Overview of graphical models

Encode assumption about relationship among variables
- Tells use which variables are independent, dependent, conditionally independent, etc

Terminologies of Directed Acyclic Graphs (DAGs)

Terminology of graphs

Directed graph: shows that \(A\) affects \(Y\)

Undirected graph: \(A\) and \(Y\) are associated with each other

Nodes or vertices: \(A\) and \(Y\)
- We can think of them as variables
Edge: the link between \(A\) and \(Y\)
Directed graph: all edges are directed
Adjacent variables: if connected by an edge

Paths

A path is a way to get from one vertex to another, traveling along edges
There are 2 paths from \(W\) to \(B\):
- \(W \rightarrow Z \rightarrow B\)
- \(W \rightarrow Z \rightarrow A \rightarrow B\)
Directed Acyclic Graphs (DAGs)
- No undirected paths

No cycles

This is a DAG

More terminology

\(A\) is \(Z\)’s parent
\(D\) has two parents, \(B\) and \(Z\)
\(B\) is a child of \(Z\)
\(D\) is a descendant of \(A\)
\(Z\) is a ancestor of \(D\)

Relationship between DAGs and probability distributions

DAG example 1

C is independent of all variables \[ P(C\mid A, B, D) = P(C) \]
\(B\) and \(C, D\) are independent, conditional on \(A\) \[ P(B\mid A, C, D) = P(B\mid A) \Longleftrightarrow B \perp C, D \mid A \]
\(B\) and \(D\) are marginally dependent \[ P(B\mid D) \neq P(B) \]

DAG example 2

\(A\) and \(B\) are independent, conditional on \(C\) and \(D\) \[ P(A\mid B, C, D) = P(A\mid C, D) \Longleftrightarrow A \perp B \mid C, D \]
\(C\) and \(D\) are independent, conditional on \(A\) and \(B\) \[ P(D\mid A, B, C) = P(D\mid A, B) \Longleftrightarrow D \perp C \mid A, B \]
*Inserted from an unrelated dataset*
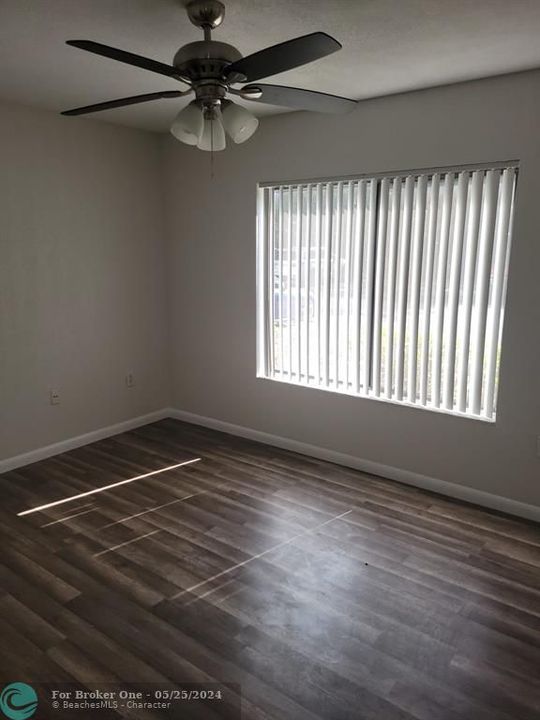 Recently Rented: $1,700 (1 beds, 1 baths, 720 Square Feet)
Decomposition of joint distributions

Start with roots (nodes with no parents)
Proceed down the descendant line, always conditioning on parents

\(P(A, B, C, D) = P(C)P(D)P(A\mid D)P(B\mid A)\)

\(P(A, B, C, D) = P(D)P(A\mid D)P(B\mid D)P(C\mid A, B)\)

Compatibility between DAGs and distributions

In the above examples, the DAGs admit the probability factorizations. Hence, the probability function and the DAG are compatible
DAGs that are compatible with a particular probability function are not necessarily unique
Example 1:

Example 2:

In both of the above examples, \(A\) and \(B\) are dependent, i.e., \(P(A, B) \neq P(A) P(B)\)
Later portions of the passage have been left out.